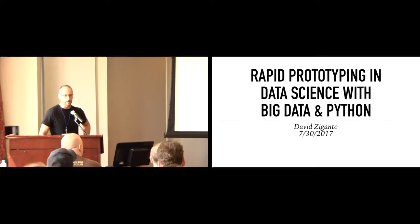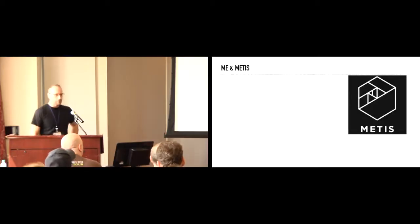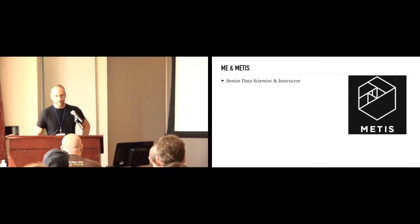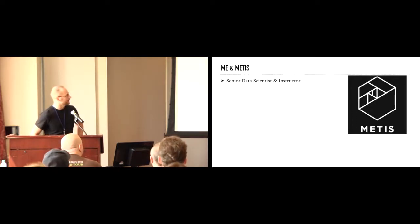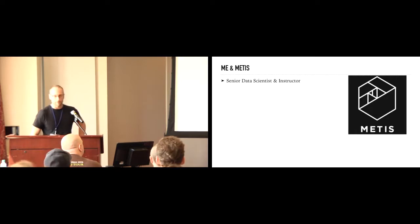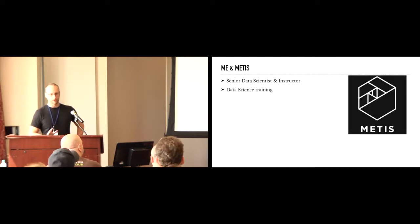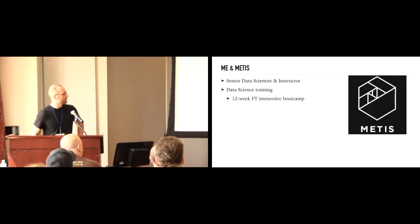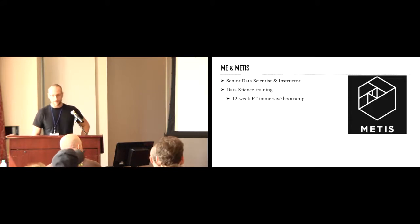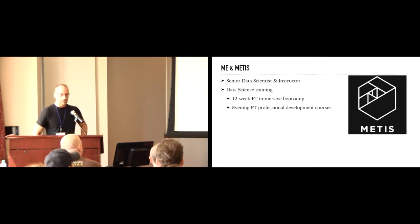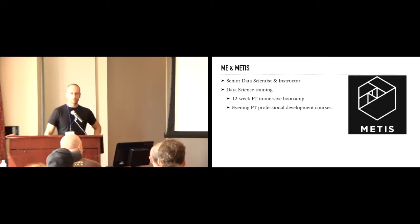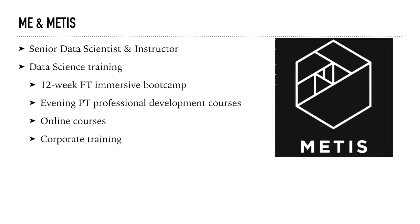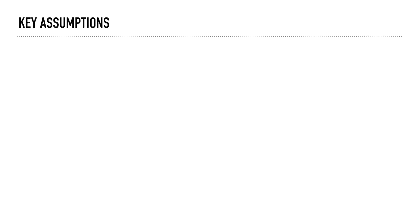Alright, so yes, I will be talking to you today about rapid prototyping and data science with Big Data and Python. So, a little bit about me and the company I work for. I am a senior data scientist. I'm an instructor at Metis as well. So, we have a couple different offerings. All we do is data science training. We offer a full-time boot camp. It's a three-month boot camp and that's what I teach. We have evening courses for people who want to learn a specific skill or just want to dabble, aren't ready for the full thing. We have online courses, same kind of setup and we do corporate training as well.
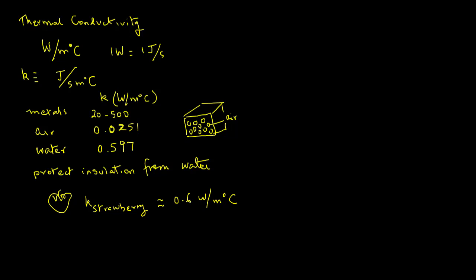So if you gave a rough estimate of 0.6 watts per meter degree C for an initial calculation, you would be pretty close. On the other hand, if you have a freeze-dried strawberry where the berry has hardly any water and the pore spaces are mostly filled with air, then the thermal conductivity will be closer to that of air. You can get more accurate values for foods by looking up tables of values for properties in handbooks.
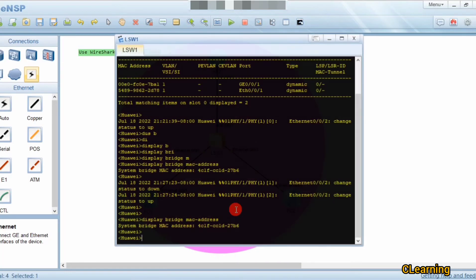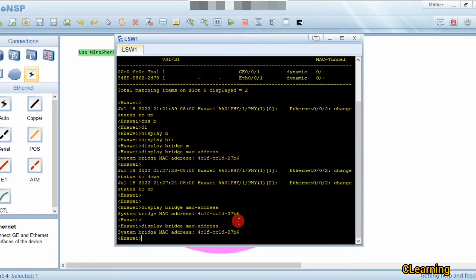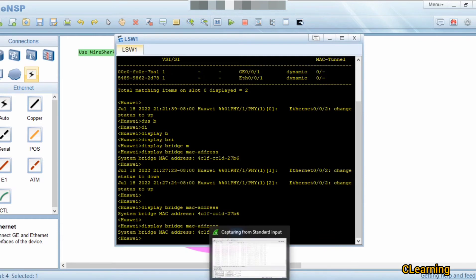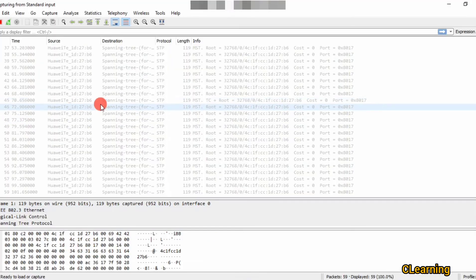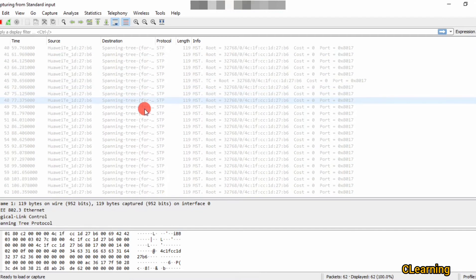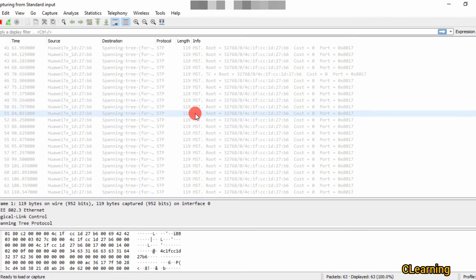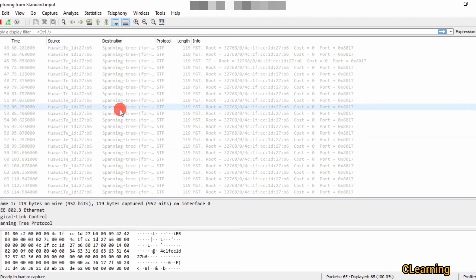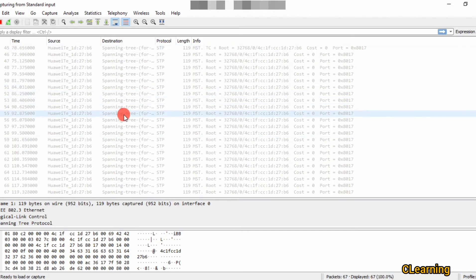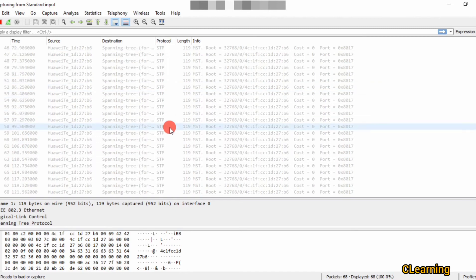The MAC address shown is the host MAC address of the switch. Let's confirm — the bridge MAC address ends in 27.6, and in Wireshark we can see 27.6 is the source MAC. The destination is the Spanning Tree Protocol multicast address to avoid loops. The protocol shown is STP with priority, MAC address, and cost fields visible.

====

_ASSIGNED TASK_
Print all data above verbatim, except pictures.

_REPLY_
Alright, so yes, I will be talking to you today about rapid prototyping and data science with Big Data and Python. So, a little bit about me and the company I work for. I am a senior data scientist. I'm an instructor at Metis as well. So, we have a couple different offerings. All we do is data science training. We offer a full-time boot camp. It's a three-month boot camp and that's what I teach. We have evening courses for people who want to learn a specific skill or just want to dabble, aren't ready for the full thing. We have online courses, same kind of setup and we do corporate training as well.
So if you gave a rough estimate of 0.6 watts per meter degree C for an initial calculation, you would be pretty close. On the other hand, if you have a freeze-dried strawberry where the berry has hardly any water and the pore spaces are mostly filled with air, then the thermal conductivity will be closer to that of air. You can get more accurate values for foods by looking up tables of values for properties in handbooks.
The MAC address shown is the host MAC address of the switch. Let's confirm — the bridge MAC address ends in 27.6, and in Wireshark we can see 27.6 is the source MAC. The destination is the Spanning Tree Protocol multicast address to avoid loops. The protocol shown is STP with priority, MAC address, and cost fields visible.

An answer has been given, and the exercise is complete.